Let's face it: We're all probably going to spend much of the next few months talking and kvetching and worrying about José Bautista, and what happens to him in the offseason and through to next year.
Which isn't such a bad thing, if you consider that it will give us the chance to think fondly about the otherworldly 2010 season he has had. (Really: This year has been way too ridiculous to even begin to wrap your head around, and it's going to take a few months to even let it register.)
Since we fully expect to spend an inordinate amount of time thinking about the Bearded One, we figured that we'd start a new feature that we'll call "Let's Talk About JoBau". There's the temptation to toss out everything about him all at once in one post, but we know that you kids get bored of us after about 300 words, so we'll split this up into bite-sized chunks.

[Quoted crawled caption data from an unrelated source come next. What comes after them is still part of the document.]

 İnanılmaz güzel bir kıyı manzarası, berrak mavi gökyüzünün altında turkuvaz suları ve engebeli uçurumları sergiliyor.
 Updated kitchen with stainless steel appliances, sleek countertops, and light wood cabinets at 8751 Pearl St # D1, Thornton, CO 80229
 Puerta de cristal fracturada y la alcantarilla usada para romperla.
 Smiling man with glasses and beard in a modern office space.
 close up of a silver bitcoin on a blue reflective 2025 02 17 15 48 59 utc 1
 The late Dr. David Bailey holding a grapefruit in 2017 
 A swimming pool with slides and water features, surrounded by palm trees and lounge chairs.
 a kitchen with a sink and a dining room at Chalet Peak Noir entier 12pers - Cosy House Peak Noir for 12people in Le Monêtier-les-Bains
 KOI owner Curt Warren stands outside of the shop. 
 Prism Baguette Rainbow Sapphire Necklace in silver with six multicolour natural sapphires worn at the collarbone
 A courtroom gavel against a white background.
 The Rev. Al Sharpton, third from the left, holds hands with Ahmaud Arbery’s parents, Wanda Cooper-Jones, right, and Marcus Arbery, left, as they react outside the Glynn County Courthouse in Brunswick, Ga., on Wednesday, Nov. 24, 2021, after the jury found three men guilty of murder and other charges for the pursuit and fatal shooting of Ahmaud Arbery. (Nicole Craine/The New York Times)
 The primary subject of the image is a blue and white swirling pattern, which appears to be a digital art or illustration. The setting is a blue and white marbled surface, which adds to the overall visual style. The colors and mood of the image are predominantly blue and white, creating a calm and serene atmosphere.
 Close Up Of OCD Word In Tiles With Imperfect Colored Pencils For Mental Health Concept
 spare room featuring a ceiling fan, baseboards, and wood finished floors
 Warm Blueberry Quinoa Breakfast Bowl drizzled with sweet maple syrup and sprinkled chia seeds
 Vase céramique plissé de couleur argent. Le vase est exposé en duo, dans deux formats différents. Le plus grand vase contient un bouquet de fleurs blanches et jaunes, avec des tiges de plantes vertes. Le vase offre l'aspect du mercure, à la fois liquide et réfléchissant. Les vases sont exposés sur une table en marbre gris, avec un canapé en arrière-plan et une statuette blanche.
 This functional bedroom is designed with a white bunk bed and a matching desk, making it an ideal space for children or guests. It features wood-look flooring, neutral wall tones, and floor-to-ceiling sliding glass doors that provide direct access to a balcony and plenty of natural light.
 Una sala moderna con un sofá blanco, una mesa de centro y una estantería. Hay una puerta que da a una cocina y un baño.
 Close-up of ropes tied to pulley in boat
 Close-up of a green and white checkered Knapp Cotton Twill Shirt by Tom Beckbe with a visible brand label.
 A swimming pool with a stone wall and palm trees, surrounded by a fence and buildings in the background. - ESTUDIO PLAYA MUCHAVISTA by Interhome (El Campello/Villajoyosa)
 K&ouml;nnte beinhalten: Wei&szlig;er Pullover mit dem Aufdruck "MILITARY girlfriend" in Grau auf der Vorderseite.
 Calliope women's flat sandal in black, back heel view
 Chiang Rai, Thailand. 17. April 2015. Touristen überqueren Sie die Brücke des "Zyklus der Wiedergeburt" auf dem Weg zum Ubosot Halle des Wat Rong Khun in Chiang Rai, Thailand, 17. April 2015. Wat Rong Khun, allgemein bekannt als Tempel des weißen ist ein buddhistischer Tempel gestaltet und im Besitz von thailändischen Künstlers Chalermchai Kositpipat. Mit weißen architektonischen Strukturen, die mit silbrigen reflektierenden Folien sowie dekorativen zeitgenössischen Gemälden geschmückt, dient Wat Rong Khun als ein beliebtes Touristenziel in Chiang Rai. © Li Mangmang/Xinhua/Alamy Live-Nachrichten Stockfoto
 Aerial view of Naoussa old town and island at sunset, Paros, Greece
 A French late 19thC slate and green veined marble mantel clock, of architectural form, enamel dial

Other than "batters box", what is JoBau's best position?
So where should he play? Since coming to the Jays, Bautista has played games at first, second, third and all three outfield positions, though the majority of his games (102) have been played in right. And the temptation amongst many that we've heard is to keep him into right field, where his strong arm could be maximized to help keep fear in the hearts of baserunners rounding bases.
If only that were the only aspect of playing the field.
It might surprise some that JoBau's fielding numbers in right have been pretty dismal this season: His UZR is -4.0, and the UZR/150 number shows him as -10. And this is even with an Outfield Arm Runs Above Average number of 5.1 (which falls only behind Jeff Francoeur, Shin-Soo Choo, and Brett Gardner in the Bigs.)
Bautista's numbers slip so far in part because of very weak range in right. His Range Runs Above Average sits at -8.8, which puts him towards the bottom of all Major Leaguers. And if we're pulling our head away from the metrics and towards our memory, we can say that we can remember a number of bad paths to the ball that JoBau has taken this season, and a few drops that should not have been. (The sort of stuff that would have been harboured and rehashed about the former right fielder, who never posted numbers anywhere near that low, even in his worst year with the Jays.)
So does that settle it, and do we just ship JoBau to third? Not so fast, Speed Racer: Bautista's -10.2 UZR/150 (fueled by a -4.4 Range number) is hardly enough to get him crowned at the hot corner. For that matter, his fielding metrics at third are nowhere near as positive as Edwin Encarnacion's. (No, really). E5 has earned that title somewhat, but his range number (5.0) shows that he gets to many balls hit near or around him...he just doesn't always do goodly with them once the ball is in his hand (-4.4 Error Runs Above Average).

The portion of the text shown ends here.